Considered by many to be a landmark on Route 130 off Admiral Wilson Boulevard, Discount Harry's was the place to go for shoppers looking to make a purchase without breaking the bank.
"I bought my son's first bike here," said Barbara Haigh, 59, a clerk at the store who said she had shopped there for 35 years.
Monday's announcement of the closing sent Haigh strolling down memory lane yesterday.
A mother of three, she remembered spending $6.99 on a red wagon made of wood for her 4-year-old son, Michael, in 1965.
"I asked my husband if he thought that was too much," said Haigh, who remembered loading the gift into the family's 1958 Ford while Elvis Presley crooned on the radio.
"It's so sad, because I thought Harry's was going to be here forever," Haigh said. "It's a real shame."
In 1950, Harry Kaufman, who had spent the years after World War II selling housewares at farmers' markets, opened Discount Harry's.
In its infancy, Discount Harry's was a 4,000-square-foot shop, with Kaufman's brother-in-law operating a TV repair business in the back.
In 1976, Kaufman sold the store to Lancaster, then a 34-year-old salesman from the retail toy chain Kiddie City. Kaufman has since retired to Florida.
Today, under Lancaster's stewardship, Discount Harry's is a 20,000-square-foot white brick complex that resembles a high school gymnasium more than a store.
Inside, pyramids of brown cardboard boxes containing merchandise are scattered throughout the store, marked for customers with handwritten signs.
For many customers, the unpretentious means in which Lancaster displays his wares harks back to a time before marketing terms such as "synergy," "branding" and "eye-level shelf space" became the mantras for retailers.
"I think now you get these glitzy stores with the high rents and the high prices. Some people like that," said Lancaster, who plans to open a pool-supply and outdoor-furniture store in the area in April. "But I think most folks want more bang for their bucks. This store wasn't fancy, but you always got your money's worth."
Denise Grossmick, 34, of Sicklerville, a receptionist at a computer company, took the news of the closing hard.
Grossmick remembered the semiannual trips to Discount Harry's from her family's home in the Cramer Hill section of Camden.
"I'm going to miss this place," Grossmick said as she perused the merchandise at Discount Harry's yesterday. "I mean, it was always here."
Seated in his office, Lancaster pondered the years of enjoyment his tenure of ownership brought him.
He remembered the time in 1981 when he was pulled over by a Cherry Hill police officer while driving home on Route 70.
The reason?
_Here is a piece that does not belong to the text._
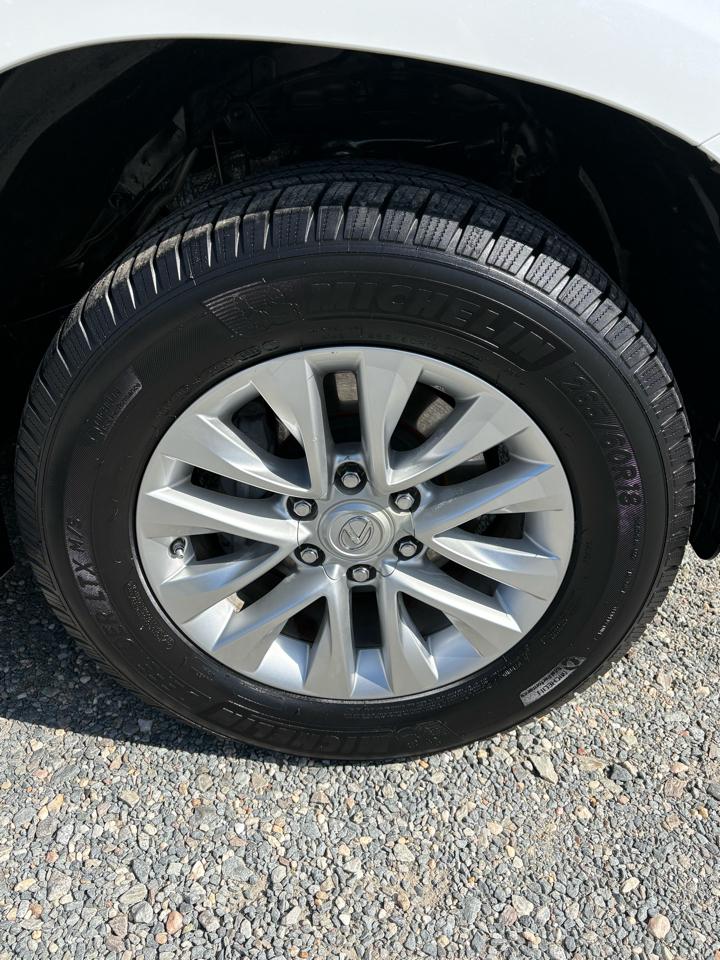 Lexus GX 460 Base 2017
The officer was looking for a Cabbage Patch doll.
He remembered the smiling children, the proud owners of their first bicycles, and the former stockboys who returned years later as doctors and lawyers.
He thought of all the memories, and said they were priceless.
"This place has been good to me," said Lancaster, with a twinge of his native Kentucky drawl. "In the end, it's not about how much money you got or how big a house you got, but it's about how many friends you made along the way. And I've made a lot of great friends."